[Image-caption web data]
########################################

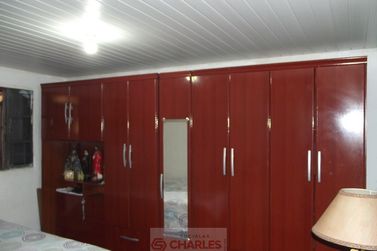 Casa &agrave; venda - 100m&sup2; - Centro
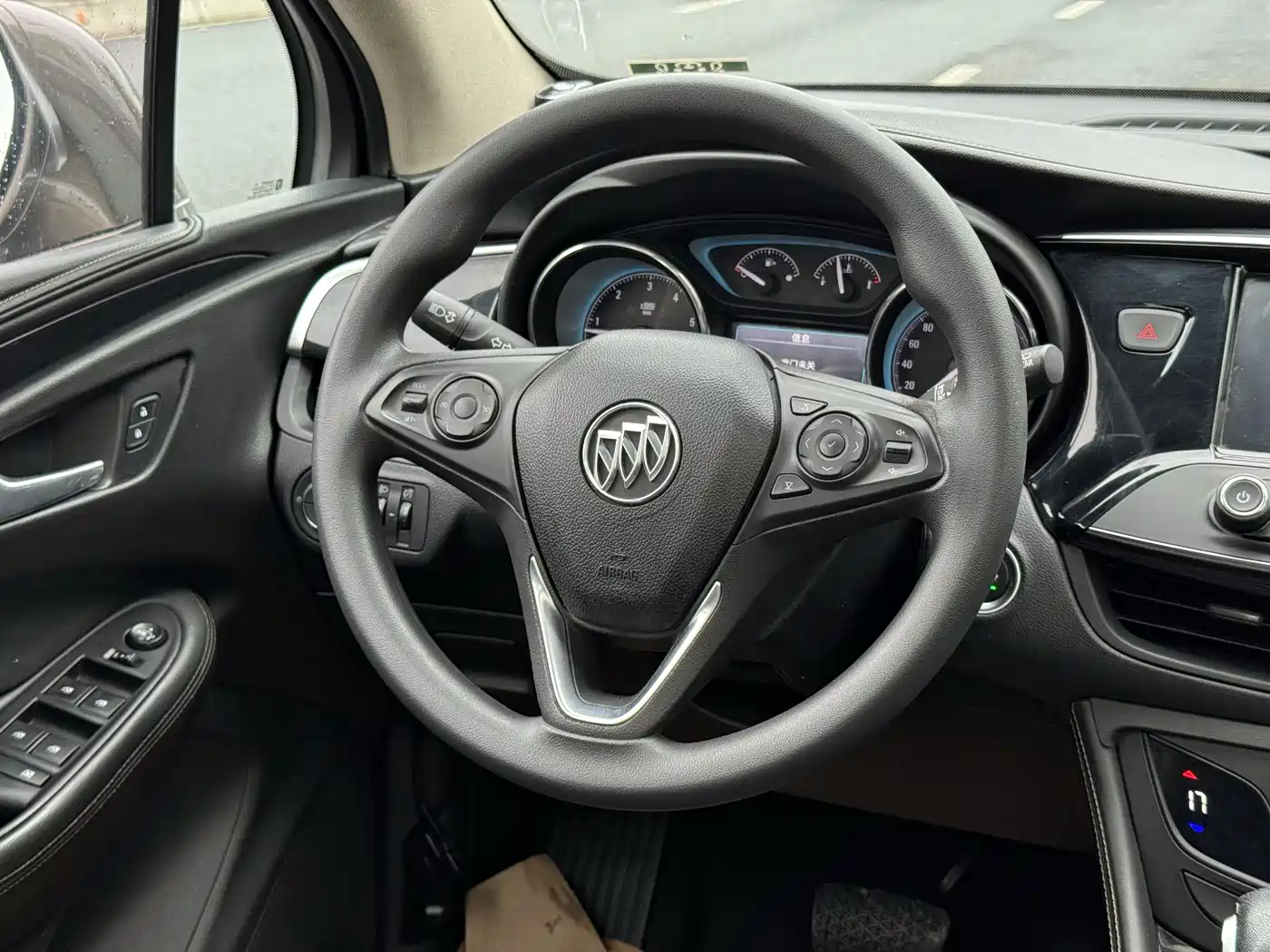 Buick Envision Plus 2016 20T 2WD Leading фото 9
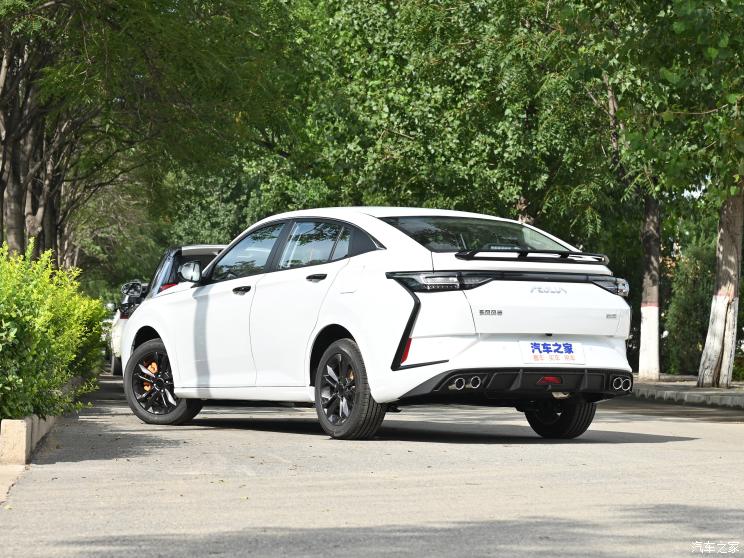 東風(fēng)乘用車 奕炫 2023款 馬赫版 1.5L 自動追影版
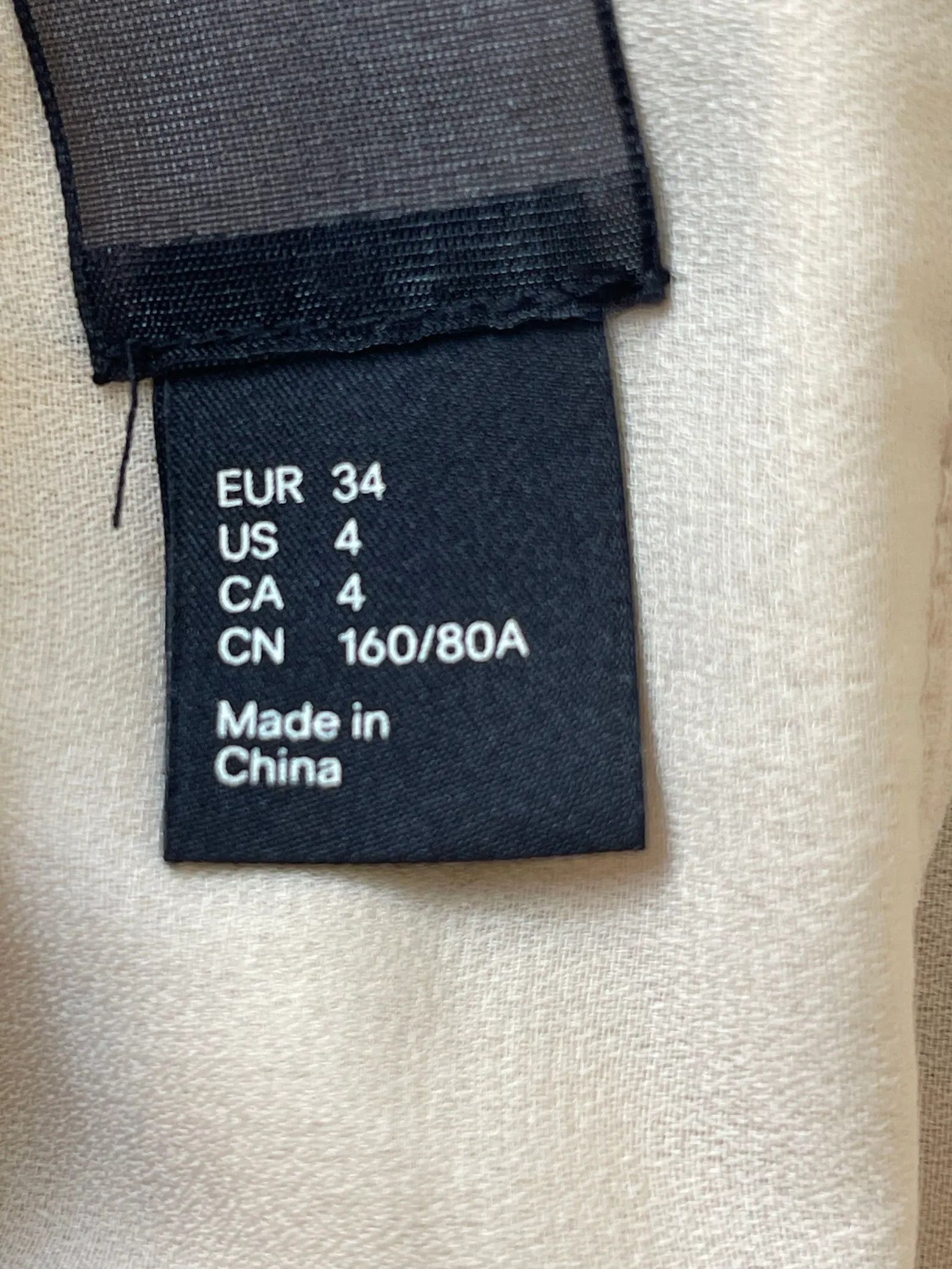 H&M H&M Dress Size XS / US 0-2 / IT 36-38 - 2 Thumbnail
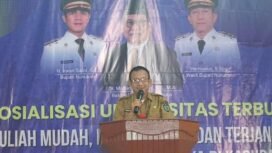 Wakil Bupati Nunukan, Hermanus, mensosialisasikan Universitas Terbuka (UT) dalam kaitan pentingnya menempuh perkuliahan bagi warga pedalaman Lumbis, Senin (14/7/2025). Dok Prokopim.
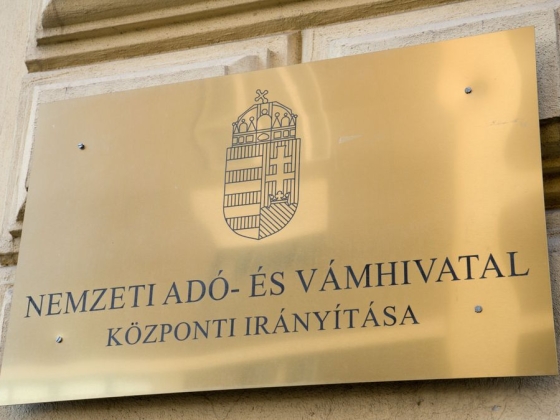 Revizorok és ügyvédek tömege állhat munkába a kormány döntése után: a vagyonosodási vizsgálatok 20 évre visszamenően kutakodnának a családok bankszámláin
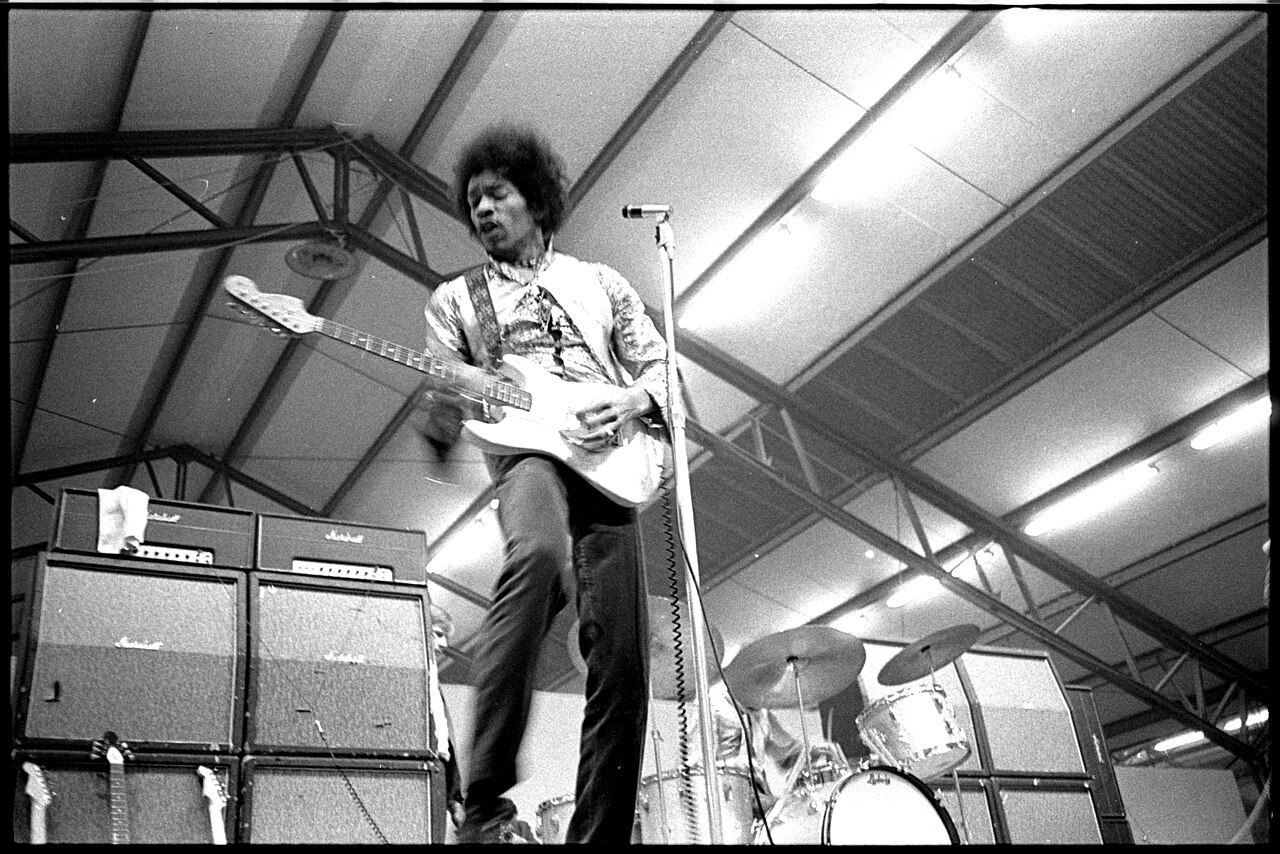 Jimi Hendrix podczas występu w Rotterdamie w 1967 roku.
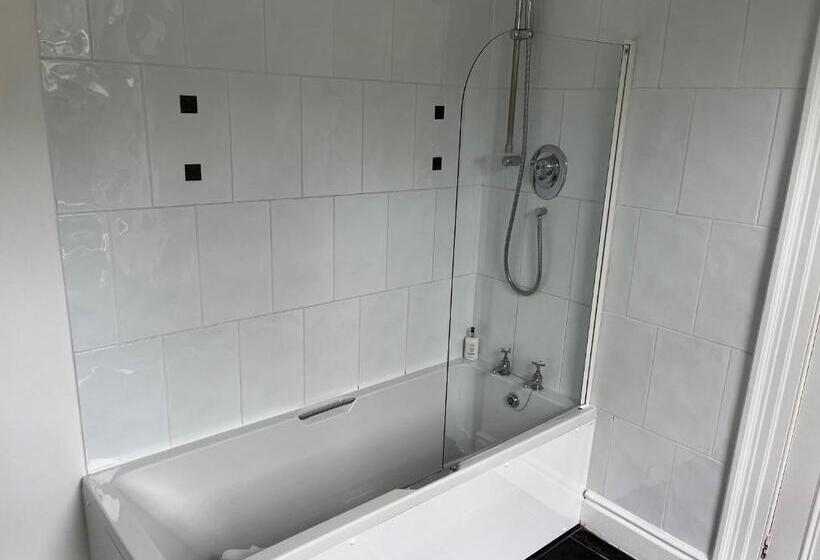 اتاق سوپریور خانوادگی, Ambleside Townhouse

########################################

Exactly as they appear above, write out all the entries, without pictures.

▸ EXERCISE ANSWER:
 Casa &agrave; venda - 100m&sup2; - Centro
 Buick Envision Plus 2016 20T 2WD Leading фото 9
 東風(fēng)乘用車 奕炫 2023款 馬赫版 1.5L 自動追影版
 H&M H&M Dress Size XS / US 0-2 / IT 36-38 - 2 Thumbnail
 Wakil Bupati Nunukan, Hermanus, mensosialisasikan Universitas Terbuka (UT) dalam kaitan pentingnya menempuh perkuliahan bagi warga pedalaman Lumbis, Senin (14/7/2025). Dok Prokopim.
 Revizorok és ügyvédek tömege állhat munkába a kormány döntése után: a vagyonosodási vizsgálatok 20 évre visszamenően kutakodnának a családok bankszámláin
 Jimi Hendrix podczas występu w Rotterdamie w 1967 roku.
 اتاق سوپریور خانوادگی, Ambleside Townhouse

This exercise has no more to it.